Forse è arrivato il momento di una riforma sostanziale, ispirandosi a principi e sensibilità che ormai si vanno affermando per il mondo, tra tutti la sostenibilità. Aspetti di indiscussa rilevanza per determinare anche l’adozione di buone pratiche tecniche e di gestione. Si pensi alla definizione di museo di ICOM, che sottolinea la peculiarità di questi contesti, definendoli istituzioni permanenti senza fini di lucro. Basterebbe uno sguardo oltre i confini patri per trovare esempi virtuosi in questo campo, per elevare così la qualità dei servizi e delle potenzialità che è in grado di esprimere e offrire un sistema culturale degno di questo nome.
E se avesse ragione il “padre di Faust”? Del resto le citazioni non dovrebbero essere mai riproposte a caso, solo per darsi un tono. Le nostre energie sembrano davvero esaurirsi in viaggi della speranza sui mezzi pubblici, in code chilometriche ai caselli autostradali per poter godere delle bellezze nostrane. Non di meno trascorrere ore in fila per entrare nei musei, di fare a gomitate per ammirare questa o quell’opera, mentre schiere di avanguardisti ipertecnologici monopolizzano lo spazio espositivo ormai divenuto un set dove realizzare selfie. Sarebbe il colmo stancarsi della bellezza, riposarsi e poi ricominciare ad apprezzarla.
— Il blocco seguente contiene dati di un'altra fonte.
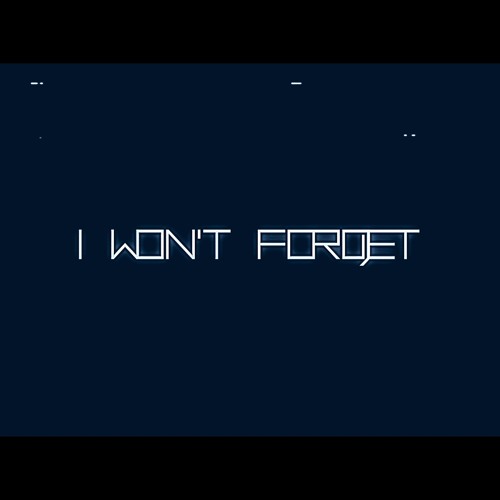 15 Shining - I Wont Forget (Martin Wobble Remix) wav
Lo schema è chiaro anche se antico. Basterebbe forse riattualizzare la citazione in premessa, agevolando una gestione integrata di tutte queste attività, creando magari un itinerario o più itinerari reali, non solo virtuali, con caratteristiche più accoglienti ed inclusive, con una maggiore attenzione alle categorie sociali più fragili. Il museo, più in generale gli spazi espositivi, dovrebbero essere catalizzatori di bellezza e cultura. Il bel paese ne possiede numerose per quantità, qualità e soprattutto unicità.
È possibile questo cambiamento senza fare patti col diavolo? Probabilmente sì, nella misura in cui ognuno di noi si attiverà concretamente anche per gli altri.